The event brought a flashy lineup and state-of-the-art staging, but the view on the ground was starkly different. More than 200 people were injured rushing barriers and climbing fences, leading to a dangerous crowd crush. Sasha Rodriguez, 15, died in hospital from MDMA intoxication after attending the event. (Age of entry for the event was 16-plus.)
In the fallout, L.A. officials pursued stricter health and safety measures at the city’s dance massives. EDC left the Coliseum for its new home in Las Vegas in 2011, but its controversial final year in Los Angeles had lasting repercussions for local dance promoters.
10. LCD Soundsystem’s This Is Happening Sets Up a Sort-of Goodbye
Coming out of the aughts, James Murphy’s massively influential dance-punk project LCD Soundsystem had nothing left to prove. And yet despite all his accolades, the frontman still had some things to get off his chest.
Enter LCD Soundsystem’s third album, This Is Happening, from May of 2010. Its songs -- among them the classics "Dance Yrself Clean," ‘"I Can Change" and "You Wanted a Hit" -- showcased a band at the peak of its powers.
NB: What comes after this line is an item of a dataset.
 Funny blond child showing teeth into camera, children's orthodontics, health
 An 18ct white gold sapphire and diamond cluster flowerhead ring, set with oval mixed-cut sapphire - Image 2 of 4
Within a year, LCD played its last-ever show at New York’s Madison Square Garden. Murphy’s reasons for ending things were both sincere and tactical. “My theory was, if I make it our last show, we’ll sell [MSG] out in two weeks,” he later told The New York Times. “It wasn’t a total lark, but it was a bit larky.”
Sure enough, the hipster heroes were happily back five years later to headline Coachella. This saga started in 2010, but its lesson is timeless: Never trust an amicable band breakup.